Total loans have increased from $333.6 million at March 31, 2002 to $344.8
million at March 31, 2003. For the three month period ended March 31, 2003,
total loans have increased $5.2 million. The loan to deposit ratio has decreased
from 84.68% at March 31, 2002 to 80.60% at March 31, 2003. The loan to deposit
ratio at December 31, 2002 was 82.75%. The main reason for the decrease in the
loan to deposit ratio is due to a significant increase in customer deposits due
to the volatility in the equity markets. Investor confidence seems to be very
low and it appears that individual investors are placing their money in more
stable and liquid investments such as interest checking, savings and time
deposit accounts. Likewise, with the less favorable economic environment,
customers are not borrowing money as readily as they have in past years. The
majority of the Company's loan growth for the first three months of 2003 has
primarily been in real estate secured loans. This group of loans has grown $6.1
million or 2.5% from December 31, 2002. During this same time period consumer
loans have decreased by $2.02 million or 3.65%. Loan demand continues at a
moderate pace even during a period of economic uncertainty and within a
competitive market area. Deposits as of March 31, 2003 have increased $17.43
million since December 31, 2002 and $33.78 million since March 31, 2002.
Consumers have continued to invest their monies primarily in savings and
checking accounts due to the continued market uncertainty.
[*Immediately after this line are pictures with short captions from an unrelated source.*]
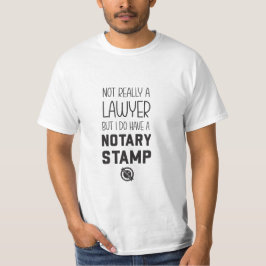 Geen advocaat Notaris Heren T-shirt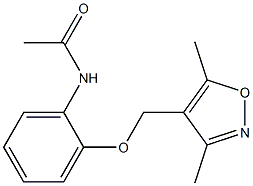 Acetamide,  N-[2-[(3,5-dimethyl-4-isoxazolyl)methoxy]phenyl]- 结构式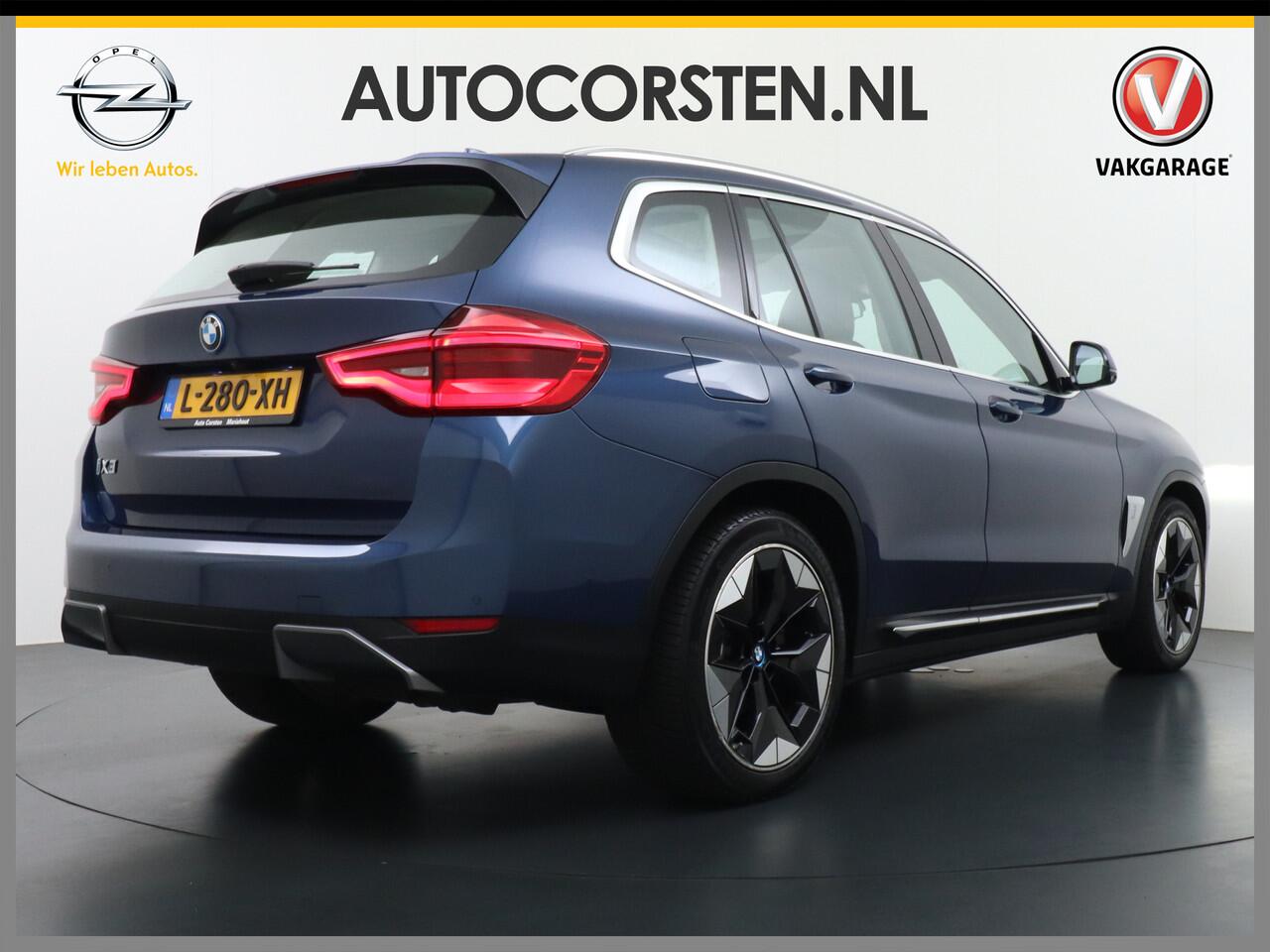 BMW X3 iX3 High Executive 80kWh Leer+Elektr.-verst. Adap.Cruise Apple Carplay Android Auto Navi Ecc 360°Camera Panoramaschuifdak Harman&Kardon®-SurroundSound Pdc DAB Elek.Stoel+Memory HeadsUpD. Stoelverwarming Parkeer+Achteruitrij assistent Led Origineel Nederla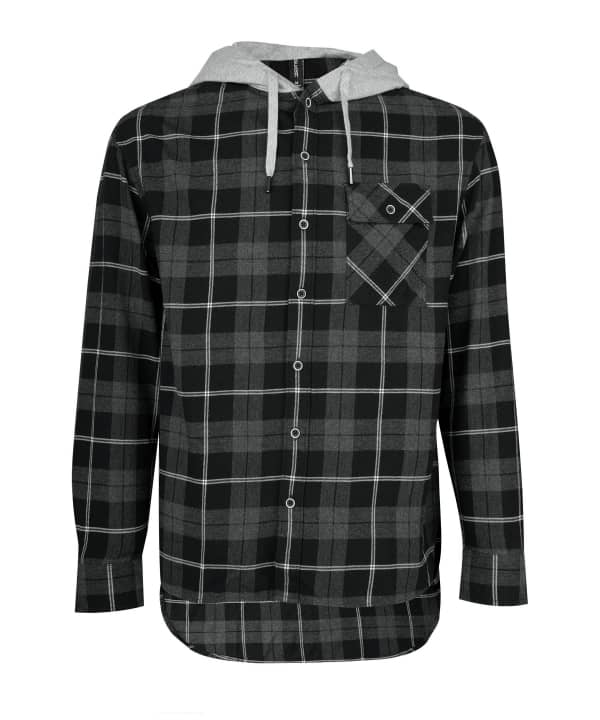 پیراهن کلاه دار مردانه جین وست Jeanswest کد 03131508 - 0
Non-performing assets are comprised of loans on non-accrual status, loans
contractually past due 90 days or more and still accruing interest, other real
estate owned and repossessions. Non-performing assets were $4.23 million or 1.23
% of total loans at March 31, 2003 compared with $3.11 million or 0.92% of total
loans at December 31, 2002 and $2.17 million or 0.65% of total loans at March
31, 2002. This increase in non-performing assets at March 31, 2003 can be
attributed in large part to less favorable economic conditions within the
Company's primary market areas. The downturn in the economy has resulted in a
number of plant layoffs and downsizings that have contributed to this increase
in non-performing assets.

Securities totaled approximately $114.55 million (market value) at March 31,
2003, which reflects an increase of $9.63 million or 9.17% from the December 31,
2002 total of $104.92 million. The majority of the Company's investment
purchases during the quarter were tax-exempt municipals and adjustable rate
mortgage-backed securities. Investment securities available for sale and other
investments, as of March 31, 2003 are comprised of mortgage backed securities
(approximately 53.32% of the total securities portfolio), municipal issues
(approximately 31.51%) , collateralized mortgage obligations (CMO's)
(approximately 1.38%), corporate bonds (approximately 2.39%), SBA backed
securities and asset-backed securities (approximately 1.23%), U. S. government
agencies (approximately 0.44%), and equity securities (approximately 7.66%). The
Company's entire securities portfolio is classified as available for sale for
both 2003 and 2002. Other investments include the Bank's holdings of Federal
Reserve, Federal Home Loan Bank and Community Bankers' Bank stock. These
investments (carrying value of $2.37 million and approximately 2.07% of the
total) are considered to be restricted as the Company is required to hold these
investments and the only market for these investments is the issuing agency.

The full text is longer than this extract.